● **Task instructions**: Using the material below, print the line that contains "Fiorella - Women's", the line that contains "GIGABYTE B460M AORUS PRO", and every line in between, exactly and nothing else.
═════ Records for this task
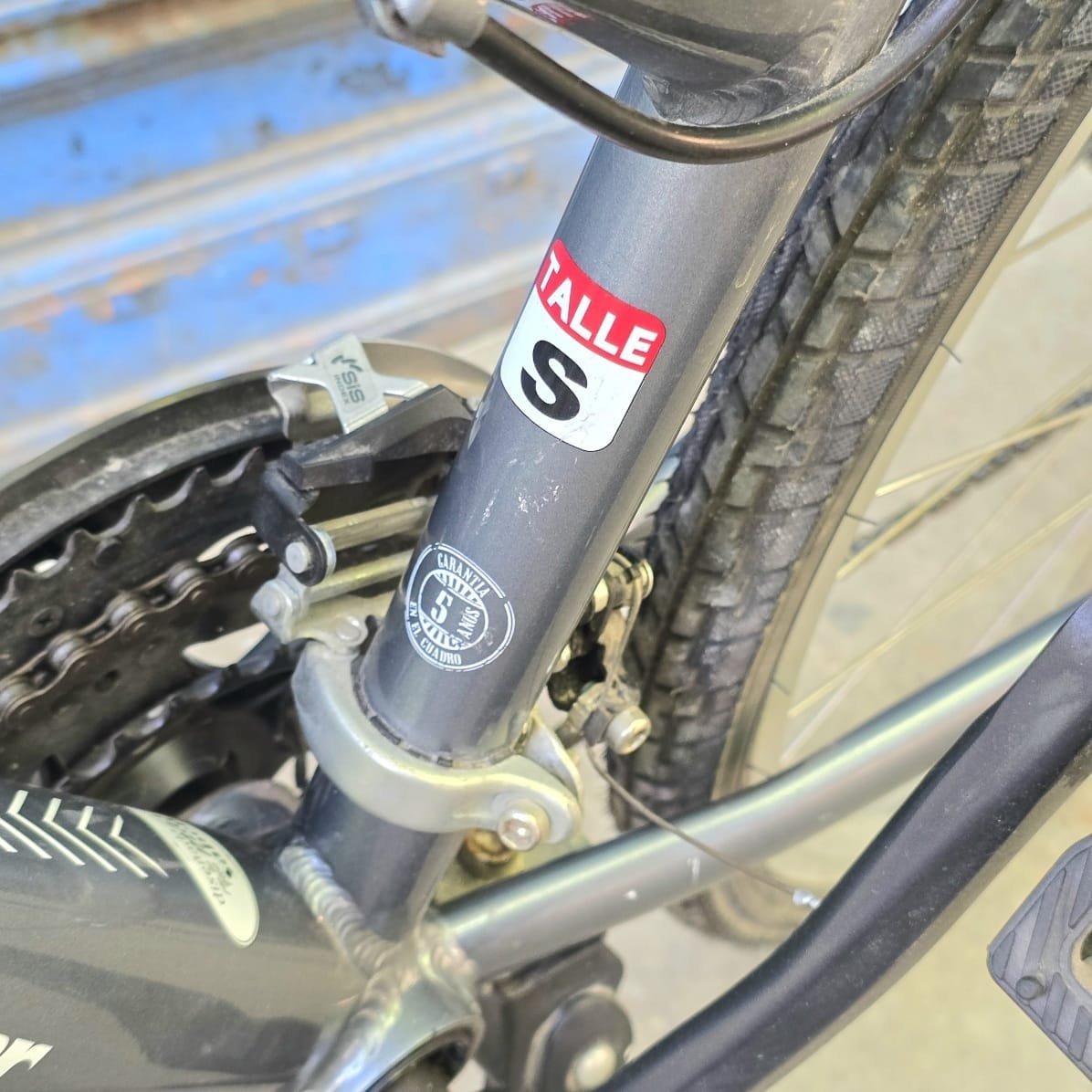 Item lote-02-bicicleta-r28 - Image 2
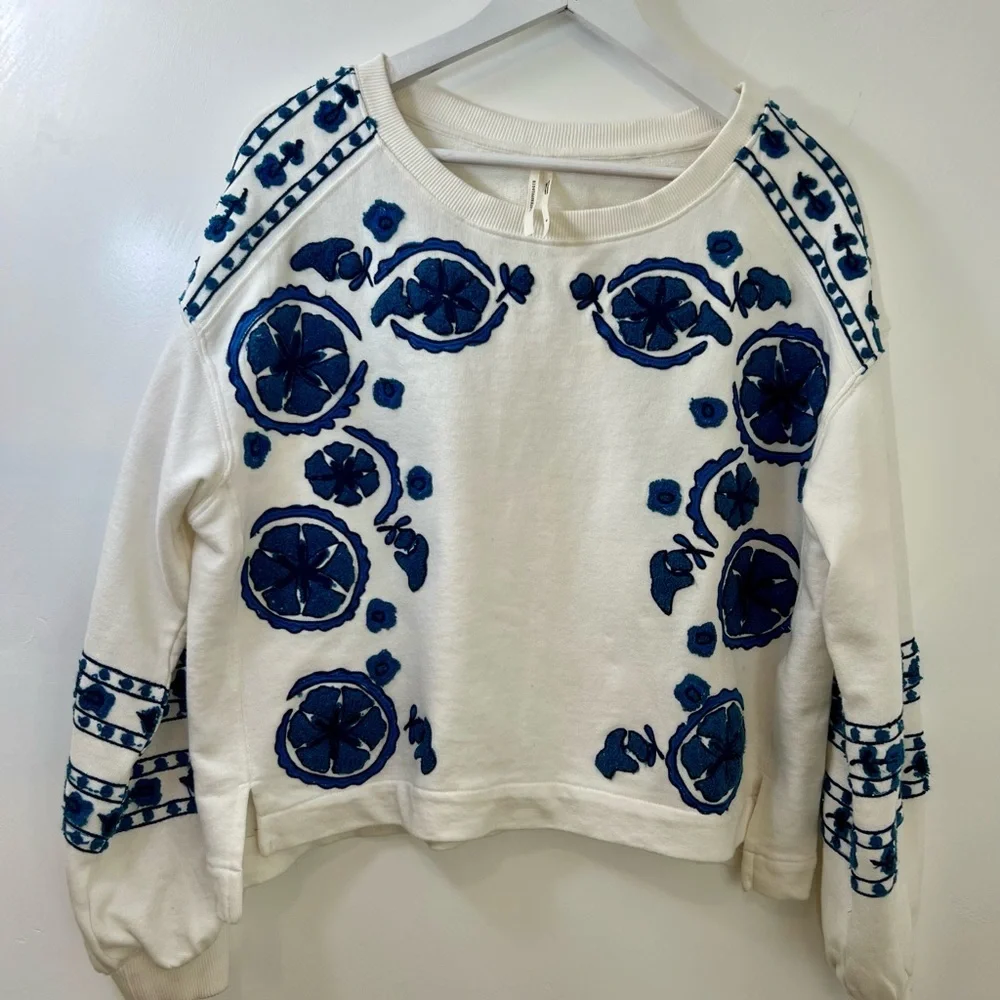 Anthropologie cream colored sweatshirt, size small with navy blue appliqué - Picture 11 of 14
══════════
═════ Records for this task
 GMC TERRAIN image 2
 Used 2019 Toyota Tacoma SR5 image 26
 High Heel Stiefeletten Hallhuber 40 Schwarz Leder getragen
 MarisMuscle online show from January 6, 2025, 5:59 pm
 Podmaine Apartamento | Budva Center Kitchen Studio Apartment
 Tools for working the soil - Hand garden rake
══════════
═════ Records for this task
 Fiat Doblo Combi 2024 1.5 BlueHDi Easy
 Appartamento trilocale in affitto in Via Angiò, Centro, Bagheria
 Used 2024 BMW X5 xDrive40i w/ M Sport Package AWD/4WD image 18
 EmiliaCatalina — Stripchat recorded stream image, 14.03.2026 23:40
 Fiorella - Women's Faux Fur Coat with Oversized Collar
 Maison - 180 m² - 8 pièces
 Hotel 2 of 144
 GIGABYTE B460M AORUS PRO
══════════
● **Result below**:
 Fiorella - Women's Faux Fur Coat with Oversized Collar
 Maison - 180 m² - 8 pièces
 Hotel 2 of 144
 GIGABYTE B460M AORUS PRO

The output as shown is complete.